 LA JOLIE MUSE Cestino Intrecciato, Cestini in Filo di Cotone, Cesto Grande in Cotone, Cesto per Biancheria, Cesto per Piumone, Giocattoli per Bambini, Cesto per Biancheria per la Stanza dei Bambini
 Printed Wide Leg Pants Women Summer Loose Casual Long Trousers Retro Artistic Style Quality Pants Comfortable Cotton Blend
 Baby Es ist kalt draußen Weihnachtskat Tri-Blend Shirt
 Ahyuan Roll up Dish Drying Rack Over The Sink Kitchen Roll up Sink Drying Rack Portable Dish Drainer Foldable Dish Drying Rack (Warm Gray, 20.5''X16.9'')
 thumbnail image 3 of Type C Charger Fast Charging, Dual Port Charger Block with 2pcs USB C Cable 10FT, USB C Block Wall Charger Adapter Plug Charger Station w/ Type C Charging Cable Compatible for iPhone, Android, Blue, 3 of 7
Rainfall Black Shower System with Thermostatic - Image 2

• • • •

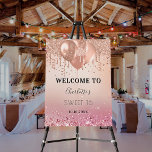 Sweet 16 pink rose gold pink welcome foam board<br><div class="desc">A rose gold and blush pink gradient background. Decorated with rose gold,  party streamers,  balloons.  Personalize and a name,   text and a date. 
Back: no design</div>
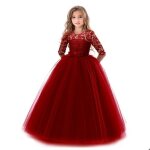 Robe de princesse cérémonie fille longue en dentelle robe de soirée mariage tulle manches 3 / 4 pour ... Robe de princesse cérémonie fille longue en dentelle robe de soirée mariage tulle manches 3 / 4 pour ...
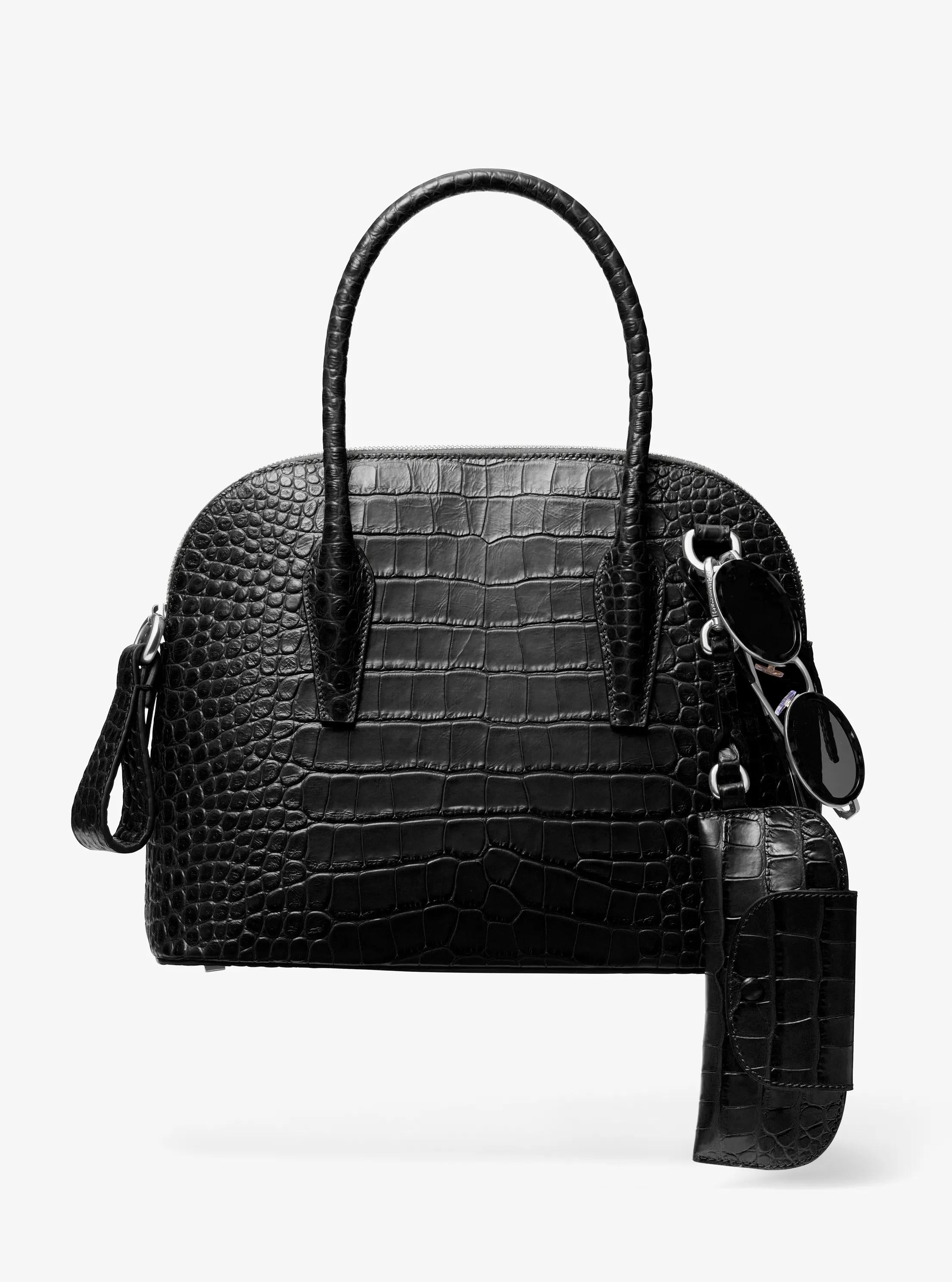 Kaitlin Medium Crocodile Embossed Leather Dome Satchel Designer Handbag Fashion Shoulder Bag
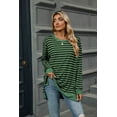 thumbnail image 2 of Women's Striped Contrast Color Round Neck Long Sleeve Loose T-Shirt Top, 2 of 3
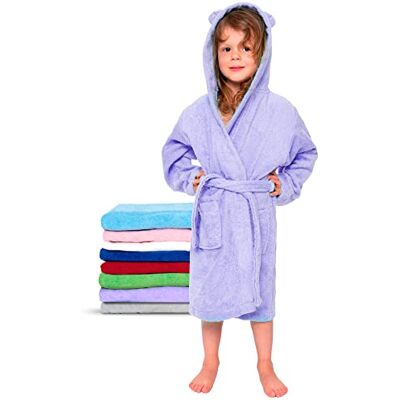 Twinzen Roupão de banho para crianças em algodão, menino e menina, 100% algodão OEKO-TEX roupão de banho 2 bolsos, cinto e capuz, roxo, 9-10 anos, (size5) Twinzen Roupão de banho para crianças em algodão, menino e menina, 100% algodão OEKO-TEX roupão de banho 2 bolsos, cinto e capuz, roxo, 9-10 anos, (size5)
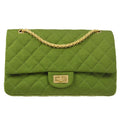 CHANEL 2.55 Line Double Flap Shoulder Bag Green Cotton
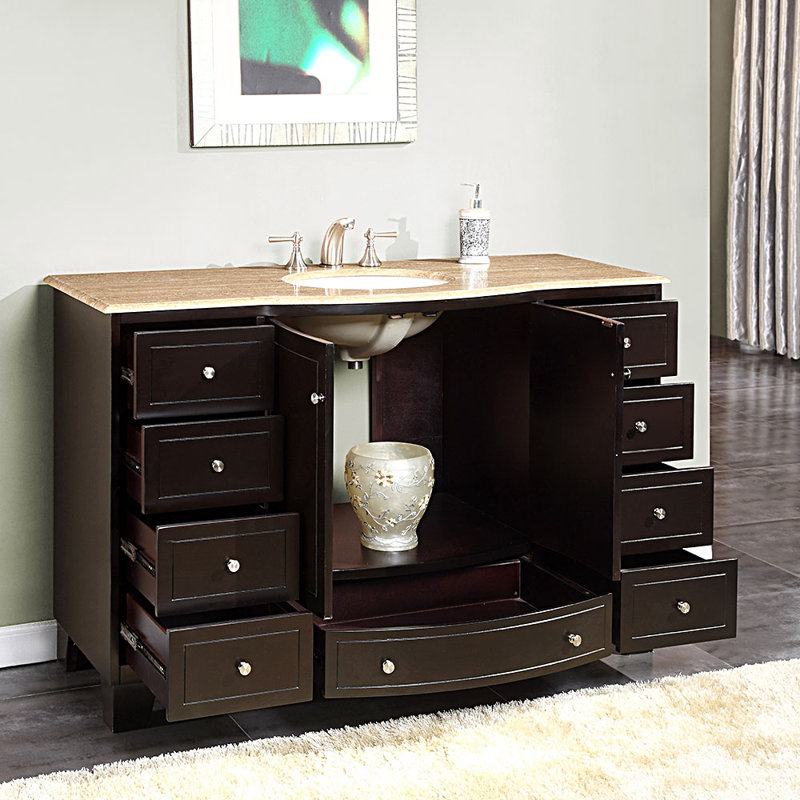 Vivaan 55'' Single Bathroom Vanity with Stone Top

• • • •

Transcribe the listing above exactly, but only from the line with "Sweet 16 pink" through the line with "Kaitlin Medium Crocodile". Include both of those lines and omit the pictures.

 Sweet 16 pink rose gold pink welcome foam board<br><div class="desc">A rose gold and blush pink gradient background. Decorated with rose gold,  party streamers,  balloons.  Personalize and a name,   text and a date. 
Back: no design</div>
 Robe de princesse cérémonie fille longue en dentelle robe de soirée mariage tulle manches 3 / 4 pour ... Robe de princesse cérémonie fille longue en dentelle robe de soirée mariage tulle manches 3 / 4 pour ...
 Kaitlin Medium Crocodile Embossed Leather Dome Satchel Designer Handbag Fashion Shoulder Bag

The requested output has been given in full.